* [REQUIRED ACTION]: Return the line containing "HAKKI PIKKI Adivasi Herbal Hair Oil" and every line after it through the end of the entries below, with no other lines.

* [DATA TO EXAMINE]:
***

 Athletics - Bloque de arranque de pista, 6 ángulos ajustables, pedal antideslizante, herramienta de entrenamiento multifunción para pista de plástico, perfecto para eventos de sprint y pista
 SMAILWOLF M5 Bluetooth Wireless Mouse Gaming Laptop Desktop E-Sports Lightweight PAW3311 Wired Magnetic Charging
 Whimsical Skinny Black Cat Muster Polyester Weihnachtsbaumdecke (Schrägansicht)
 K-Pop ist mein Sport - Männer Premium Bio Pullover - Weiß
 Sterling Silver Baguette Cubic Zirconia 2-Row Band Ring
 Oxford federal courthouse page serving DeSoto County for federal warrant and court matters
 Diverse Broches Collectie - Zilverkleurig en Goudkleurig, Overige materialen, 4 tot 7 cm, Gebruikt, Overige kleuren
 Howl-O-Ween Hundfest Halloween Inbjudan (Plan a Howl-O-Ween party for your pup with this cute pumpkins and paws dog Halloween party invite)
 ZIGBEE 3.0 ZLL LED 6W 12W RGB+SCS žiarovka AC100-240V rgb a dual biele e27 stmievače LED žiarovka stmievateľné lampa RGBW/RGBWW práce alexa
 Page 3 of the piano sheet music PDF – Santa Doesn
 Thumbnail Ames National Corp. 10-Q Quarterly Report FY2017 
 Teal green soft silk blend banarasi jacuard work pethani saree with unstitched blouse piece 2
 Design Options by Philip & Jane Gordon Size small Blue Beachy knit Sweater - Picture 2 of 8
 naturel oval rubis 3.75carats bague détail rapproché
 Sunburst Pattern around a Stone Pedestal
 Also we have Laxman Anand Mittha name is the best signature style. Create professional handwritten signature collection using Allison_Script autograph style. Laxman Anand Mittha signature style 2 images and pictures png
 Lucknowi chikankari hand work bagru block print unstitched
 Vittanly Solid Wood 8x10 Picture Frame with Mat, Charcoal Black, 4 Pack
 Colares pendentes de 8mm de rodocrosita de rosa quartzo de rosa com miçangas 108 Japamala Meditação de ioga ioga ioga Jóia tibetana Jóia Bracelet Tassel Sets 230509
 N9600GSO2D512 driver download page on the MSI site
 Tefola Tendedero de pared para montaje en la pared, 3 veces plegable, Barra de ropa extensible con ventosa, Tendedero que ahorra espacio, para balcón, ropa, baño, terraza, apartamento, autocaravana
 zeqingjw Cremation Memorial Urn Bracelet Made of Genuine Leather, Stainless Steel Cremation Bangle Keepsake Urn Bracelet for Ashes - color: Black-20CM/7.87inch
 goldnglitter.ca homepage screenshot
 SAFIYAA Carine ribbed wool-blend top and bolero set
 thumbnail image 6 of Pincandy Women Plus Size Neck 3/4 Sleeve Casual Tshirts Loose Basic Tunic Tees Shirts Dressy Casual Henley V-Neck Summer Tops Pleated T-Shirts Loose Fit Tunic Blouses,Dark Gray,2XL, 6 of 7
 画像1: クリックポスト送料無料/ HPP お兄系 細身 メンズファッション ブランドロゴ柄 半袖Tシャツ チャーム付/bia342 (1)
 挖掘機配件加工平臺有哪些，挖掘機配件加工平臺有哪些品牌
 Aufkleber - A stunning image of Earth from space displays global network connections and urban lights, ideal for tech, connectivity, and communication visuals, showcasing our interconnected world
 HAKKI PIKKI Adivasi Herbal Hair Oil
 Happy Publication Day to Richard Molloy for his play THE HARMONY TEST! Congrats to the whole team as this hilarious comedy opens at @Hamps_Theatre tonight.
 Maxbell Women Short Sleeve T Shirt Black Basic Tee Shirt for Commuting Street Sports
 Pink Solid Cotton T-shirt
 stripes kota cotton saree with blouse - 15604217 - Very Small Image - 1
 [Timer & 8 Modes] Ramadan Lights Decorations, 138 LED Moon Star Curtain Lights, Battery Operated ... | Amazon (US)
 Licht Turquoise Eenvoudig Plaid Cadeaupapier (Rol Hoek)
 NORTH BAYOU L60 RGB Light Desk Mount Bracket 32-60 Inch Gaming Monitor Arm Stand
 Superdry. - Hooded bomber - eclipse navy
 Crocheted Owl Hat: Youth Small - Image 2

***

* [SOLUTION TO THIS TASK]:
 HAKKI PIKKI Adivasi Herbal Hair Oil
 Happy Publication Day to Richard Molloy for his play THE HARMONY TEST! Congrats to the whole team as this hilarious comedy opens at @Hamps_Theatre tonight.
 Maxbell Women Short Sleeve T Shirt Black Basic Tee Shirt for Commuting Street Sports
 Pink Solid Cotton T-shirt
 stripes kota cotton saree with blouse - 15604217 - Very Small Image - 1
 [Timer & 8 Modes] Ramadan Lights Decorations, 138 LED Moon Star Curtain Lights, Battery Operated ... | Amazon (US)
 Licht Turquoise Eenvoudig Plaid Cadeaupapier (Rol Hoek)
 NORTH BAYOU L60 RGB Light Desk Mount Bracket 32-60 Inch Gaming Monitor Arm Stand
 Superdry. - Hooded bomber - eclipse navy
 Crocheted Owl Hat: Youth Small - Image 2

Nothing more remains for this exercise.